(WORK REQUEST):
Output what the records say, word for word, with no images.

(EXERCISE DATA):

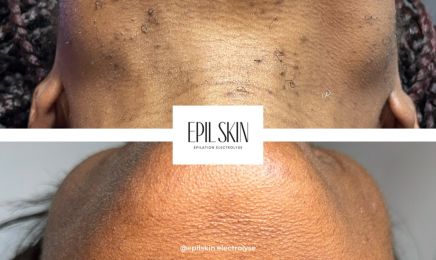 Epilskin : Institut de beauté à Saint-Maur-des-Fossés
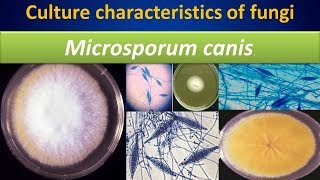 Microsporum canisculture characteristics of fungi [upl. by Agarhs]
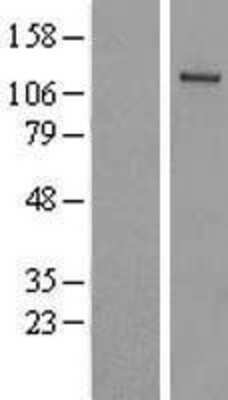 Western Blot: FLJ10808 Overexpression Lysate (Adult Normal) [NBL1-17501] Left-Empty vector transfected control cell lysate (HEK293 cell lysate); Right -Over-expression Lysate for FLJ10808.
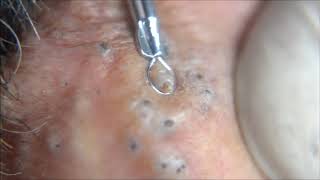 Blackheads Comedones  Behind extraction procedure [upl. by Adlesirk]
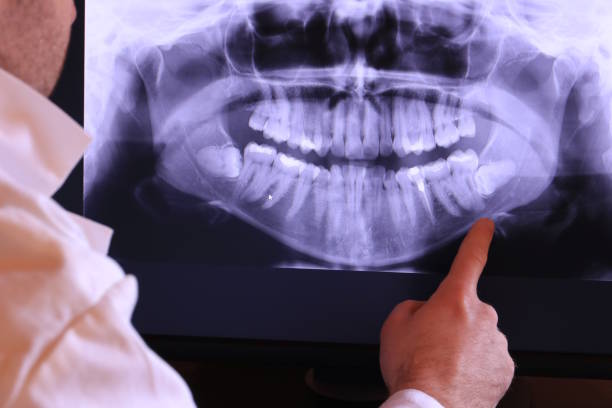 Best Emergency TMJ Treatment in Cabool, MO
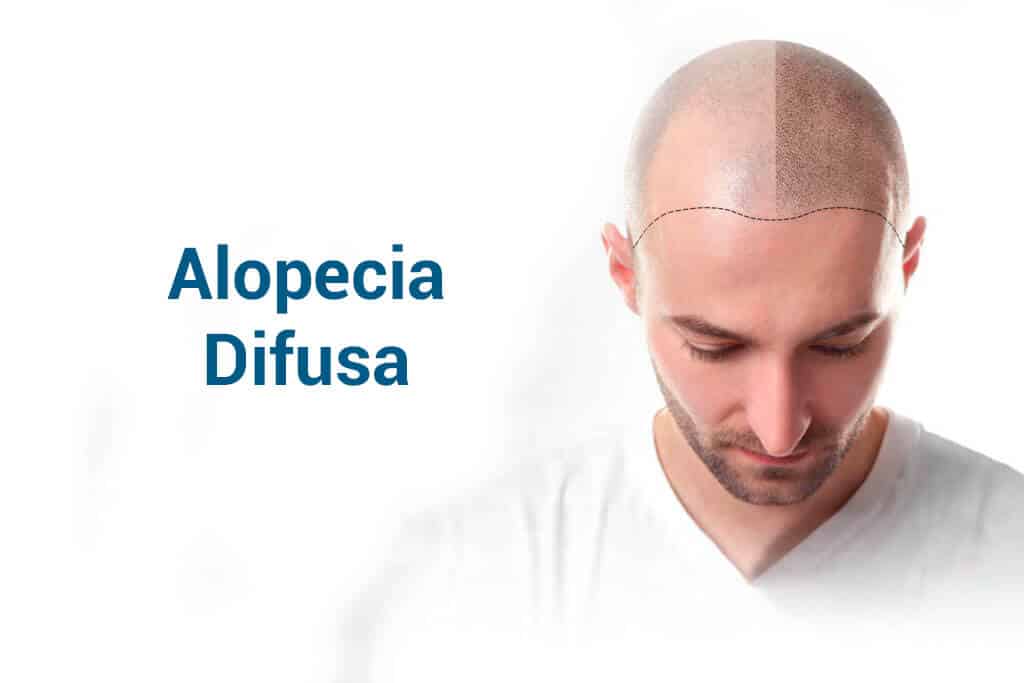 Alopécia difusa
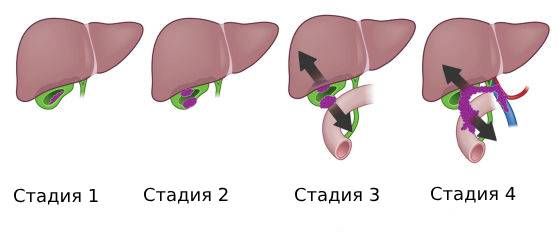 Стадии рака желчного пузыря Стадии рака желчного пузыря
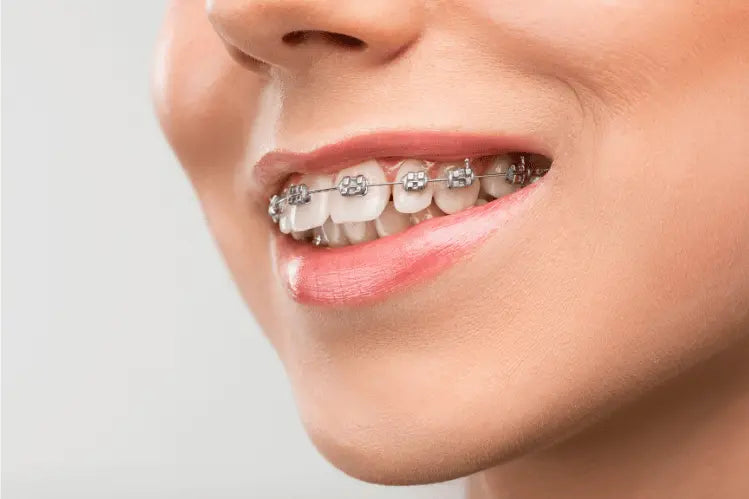 overbite wearing braces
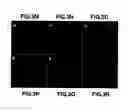 Fig. 07 - Gene and protein relating to hepatocellular carcinoma and methods of use thereof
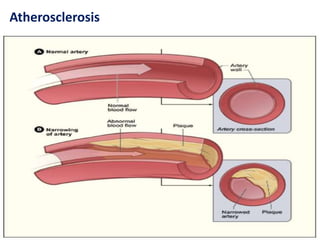Atherosclerosis
 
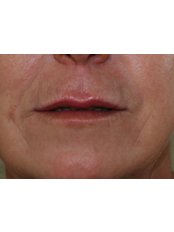 after lip augmentation - Face Perfect Clinic - Leeds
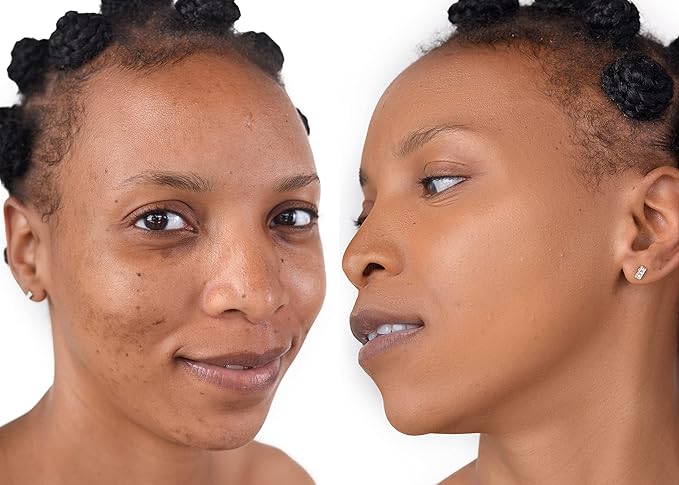 The Good Mineral Loves-You-Back 3in1 Mineral Powder Foundation (CARAMEL 2) | Designed for acne-prone, sensitive skin | 3IN1 - Concealer, Foundation + Powder | No skin agitation with calming Zinc Oxide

(RESPONSE FOR THIS EXERCISE):
 Epilskin : Institut de beauté à Saint-Maur-des-Fossés
 Microsporum canisculture characteristics of fungi [upl. by Agarhs]
 Western Blot: FLJ10808 Overexpression Lysate (Adult Normal) [NBL1-17501] Left-Empty vector transfected control cell lysate (HEK293 cell lysate); Right -Over-expression Lysate for FLJ10808.
 Blackheads Comedones  Behind extraction procedure [upl. by Adlesirk]
 Best Emergency TMJ Treatment in Cabool, MO
 Alopécia difusa
 Стадии рака желчного пузыря Стадии рака желчного пузыря
 overbite wearing braces
 Fig. 07 - Gene and protein relating to hepatocellular carcinoma and methods of use thereof
Atherosclerosis
 
 after lip augmentation - Face Perfect Clinic - Leeds
 The Good Mineral Loves-You-Back 3in1 Mineral Powder Foundation (CARAMEL 2) | Designed for acne-prone, sensitive skin | 3IN1 - Concealer, Foundation + Powder | No skin agitation with calming Zinc Oxide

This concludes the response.